While the stabilized matrix may be utilized for a variety of substances, in a preferred embodiment, it is utilized for probiotics such as Lactobacillus rhamnosus. Lactobacillus rhamnosus is understood to possess relatively good bio-stability while having a high avidity for human intestinal mucosal cells. In use as a probiotic, Lactobacillus rhamnosus is thought to colonize the digestive tract and balance intestinal microflora.

In creating the stabilized mixture for the probiotic, a hydrolyzed mammalian protein may be used to increase and strengthen the matrix around the probiotic. The hydrolyzed mammalian protein may include extensively hydrolyzed casein as well as other hydrolyzed mammalian proteins and is hypothesized to provide the increase in strength due to the characteristics associated with the short chain peptides comprising the hydrolyzed protein. The hydrolyzed protein may be achieved by boiling mammalian protein in a strong acid or strong base or through an enzymatic degradation technique so as to break the protein down into shorter sequences of its component amino acids.

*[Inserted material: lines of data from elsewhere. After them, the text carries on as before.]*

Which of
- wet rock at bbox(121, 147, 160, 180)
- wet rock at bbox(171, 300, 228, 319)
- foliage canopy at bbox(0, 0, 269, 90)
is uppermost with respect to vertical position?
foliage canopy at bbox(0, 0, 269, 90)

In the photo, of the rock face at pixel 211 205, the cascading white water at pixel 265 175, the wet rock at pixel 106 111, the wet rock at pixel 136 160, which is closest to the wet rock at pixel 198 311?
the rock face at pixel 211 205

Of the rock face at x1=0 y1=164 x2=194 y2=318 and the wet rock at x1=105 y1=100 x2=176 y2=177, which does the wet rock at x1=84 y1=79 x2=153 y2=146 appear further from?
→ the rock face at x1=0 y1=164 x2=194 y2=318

Other components of the stabilized bacterial mixture may include carbohydrates encompassing monosaccharides, disaccharides and polysaccharides. Trehalose, a disaccharide, may be utilized as a carbohydrate in the stabilization mixture. It is generally known to have a relatively high water retention capacity and can form a gel phase. Trehalose is used by plants and animals during prolonged periods of desiccation and is understood to be an effective agent in protecting biological materials in arid environments. Inulin, a plant-created polysaccharide, is indigestible by the human enzymes ptyalin and amylase, as they are adapted for the digestion of starch. As a result, inulin is a useful stabilization mixture ingredient as it passes through much of the digestive system intact and is metabolized by the microflora in the colon, thus stimulating the growth of the gut bacterial flora. In addition, inulin is used to increase the glass transition temperature of the matrix, upward shifting the temperature at which the matrix turns rubbery; therefore preventing an increase in water mobility and probiotic degradation at lower temperatures.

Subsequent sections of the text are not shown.